Abdulmutallab was in Yemen from Aug. 4 to Dec. 7 of last year. He studied Arabic in the capital, Sanaa, until Sept. 21. He left the school, telling teachers and administrators he was going back to Nigeria. He spent the next two and a half months in Yemen, and it is still unclear where he traveled during that time.

A Yemeni investigation tracked Abdulmutallab’s movements to Shebwa, where al-Awlaki is believed to be hiding, and possibly to two other remote provinces. Tribes, untouched by the government, rule much of Shebwa. Al-Awlaki belongs to one of the leading tribes, and is thought to be hiding in the area.

The day before Christmas, and Abdulmutallab’s attempted attack, air raids targeted the area. The government claimed that more than 30 Al Qaeda militants were killed, including al-Awlaki. The cleric later surfaced, calling a Yemeni reporter to say he was alive, according to Newsweek. There were also multiple reports of civilian deaths, including women and children.

Al-Alimi also denied U.S. claims that Abdulmutallab was armed in Yemen. He said the materials that made the bomb sewn into the Abdulmutallab’s underwear were acquired in Nigeria, on his way to the U.S. on Dec. 24. And while he did not deny that Abdulmutallab was trained in Yemen, he said the would-be bomber was recruited and radicalized in the United Kingdom. “He was an extremist before he came to Yemen,” said al-Alimi.

Abdulmutallab was the president of the Islamic Society, while attending University College in London, and is widely believed to have been radicalized there.

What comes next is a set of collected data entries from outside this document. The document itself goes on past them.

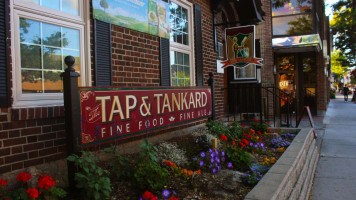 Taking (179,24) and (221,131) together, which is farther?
(179,24)

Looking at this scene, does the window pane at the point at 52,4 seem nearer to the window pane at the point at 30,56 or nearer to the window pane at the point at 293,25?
the window pane at the point at 30,56

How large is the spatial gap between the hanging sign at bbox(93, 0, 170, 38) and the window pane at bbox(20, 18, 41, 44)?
83 centimetres

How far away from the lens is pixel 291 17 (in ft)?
38.7

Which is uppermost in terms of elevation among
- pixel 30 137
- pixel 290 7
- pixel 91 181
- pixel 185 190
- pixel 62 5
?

The U.K. and the U.S. are also responsible for allowing Abdulmutallab to fall through the cracks, according to al-Alimi. Neither country shared information about the Nigerian’s extremist leanings with the Yemeni government, he said.

Muhammed Al-Anisi, the director Arabic school Abdulmutallab attended late last summer, said he obtained a student visa for Abdulmutallab with minimal scrutiny. He thought the student’s multiple-entry U.S. visa was proof that Abdulmutallab was not a potential threat.

But according to the spokesperson for the Yemeni opposition parties, Naif al-Gunas, the Yemeni government has not demonstrated the ability to fight terrorism effectively. Anti-government forces like Al Qaeda, he said, are a result of unjust and inefficient governance. He said the armed rebellion in the north, the insurgency in the south and now the growing presence of al-Qaeda could not be stopped by government forces. “How can the producer of the problem solve the problem?” he asked GlobalPost.

He also said that Al Qaeda attacks were likely to become more frequent because of western assistance. And even if the international community is able to bolster the government enough to defeat AQAP, the organization will grow stronger in Yemen, before it gets weaker. Yemenis do not want international interference, he said, and they will grow increasingly sympathetic with anti-government organizations. “Al-Qaeda will have the people,” he said.